• 17.45: eat, drink, socialize
• 18.15: First talk by: Friso van Vollenhoven, CTO at GoDataDriven and Andrew Snare, Big Data hacker at GoDataDriven
Announcing Divolte Collector: scalable click stream data collection for Hadoop and real-time processing
Divolte Collector is a solution for collecting high volume click event data and storing it directly on HDFS in Avro files, compatible with tools like Hive, Impala, MapReduce and Spark. During collection, we parse out domain specific identifiers from the URL structure (e.g. product IDs, page types, etc.) and add rich user agent and IP2geo information on the fly and perform stateless sessionizing based on client side cookies. The resulting Avro files are directly usable for analytics and machine learning tasks; no ETL required, no log file parsing required.

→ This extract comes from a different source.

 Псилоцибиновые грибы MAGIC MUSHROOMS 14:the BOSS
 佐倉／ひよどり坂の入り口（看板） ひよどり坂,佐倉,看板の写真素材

In addition, we push out click events onto Kafka queues as they happen, making the event stream available to near real-time processing using frameworks like Spark Streaming or Storm.
At GoDataDriven, we work a lot on click event data from our customers' websites. Usually, this data is collected by downloading datasets from services like Google Analytics or Omniture tracking, combined with web server log files and custom events from AJAX calls and whatnot. Before data is in a usable shape, we'd typically need to parse several sources of log files with different format and caveats. We developed Divolte Collector as an answer to this problem.
Now, we are releasing Divolte Collector as open source software (Apache 2.0 license), because we decided life's too short for log file parsing.
• 19.00: short break (moar pizza/beer)
• 19.15: Lightning session
If you have idea about interesting hadoop/data related lightning talk - there will be a board to sign up for a ~5 minutes presentation to share your successes/failures/knowledge - please join us on the stage!
• 20:00: Moar beer.